Hundreds of scholarships are being offered to budding engineers and nuclear scientists to shore up Australia’s workforce to deliver its flagship AUKUS submarine program with the US and UK.
Adding to the existing National Naval Shipbuilding education pipeline, the 300 scholarships will be available during the next five years.
Defence minister Peter Dutton says the delivery of at least eight nuclear-powered submarines will result in thousands of jobs in Australia in coming decades.
“We must ensure our people have the right skills and qualifications to support and deliver this once-in-a-generation endeavour that will bolster our national security and defence,” Dutton said in a statement.
Once qualified, the workers will fill roles across Defence, nuclear stewardship and environment agencies, research and training, and the broader shipbuilding industry.

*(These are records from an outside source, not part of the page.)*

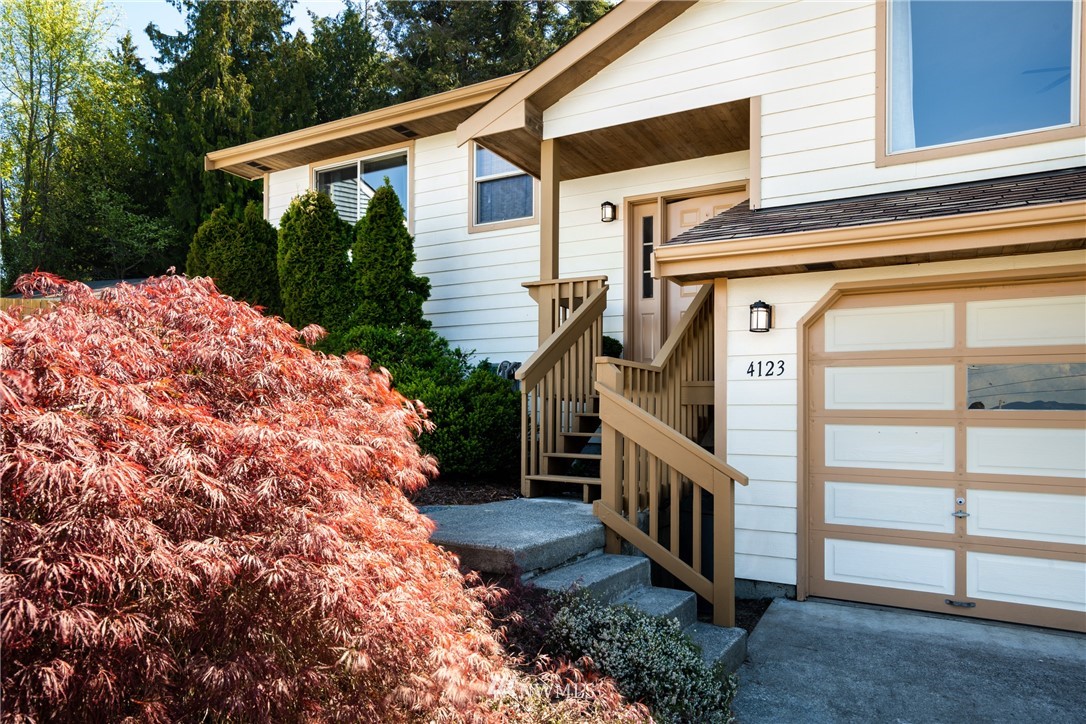 4123 R Avenue Anacortes, WA 98221 - Photo 4 of 25 Gallery Image 4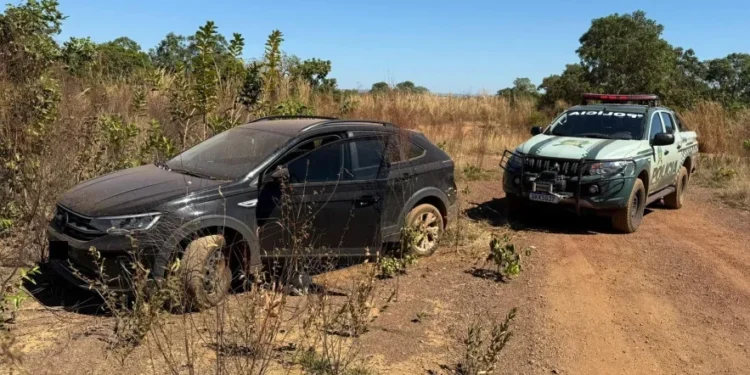 O veículo possui registro de furto/roubo. - Foto: Ascom BPMA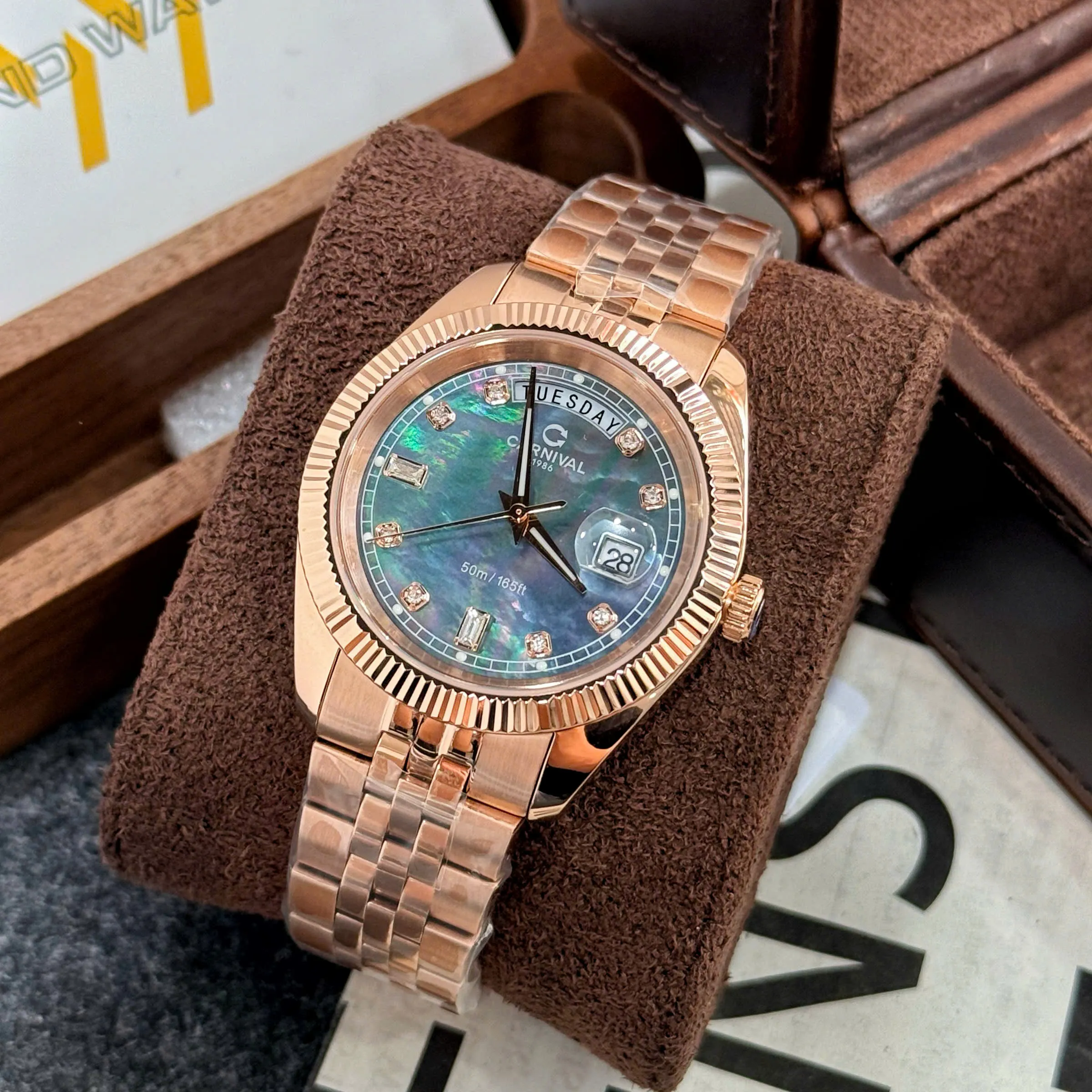 CARNIVAL 8190G-VH-DK XÀ CỪ ĐEN 3 Đồng hồ nam Carnival 8190G-VH-DK Xà cừ đen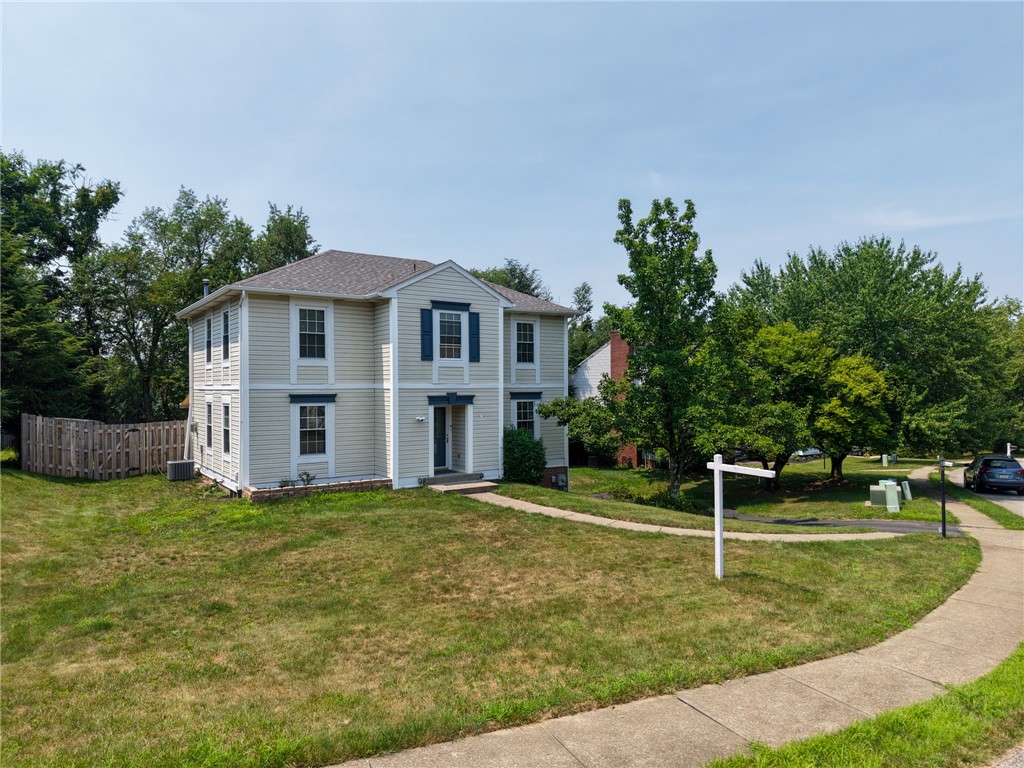 102 Bayberry Ln — photo 1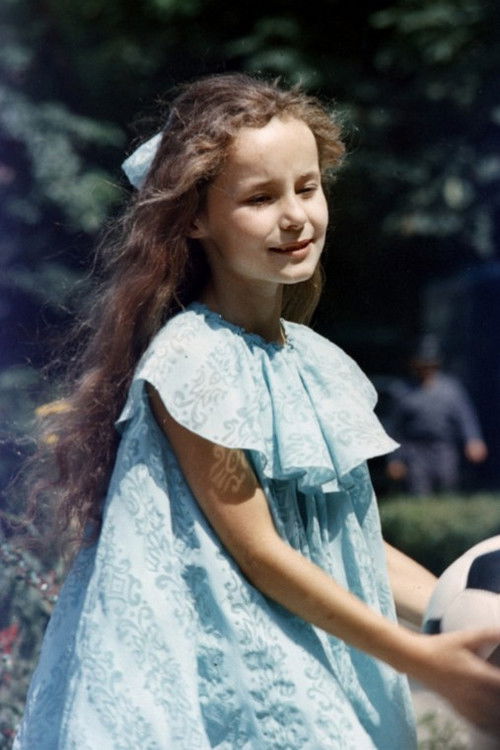 Barbara Maruszewska as Mania Lazurek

“These scholarships will provide Australians [with] the opportunity to develop essential skills and qualifications to work in the nuclear-powered submarine enterprise,” Dutton said.
The government is also working to increase Australians undertaking vocational education and training that lead to nuclear-related careers.
Australia, the UK and the US held meetings this month at the Pentagon in Washington DC to discuss Australia’s Nuclear-Powered Submarine Program.
“The meetings were productive and the participants outlined next steps to continue the positive trajectory in implementation,” a Whitehouse statement said.
“Participants committed to finalising a program of work in relation to advanced capabilities by early 2022.”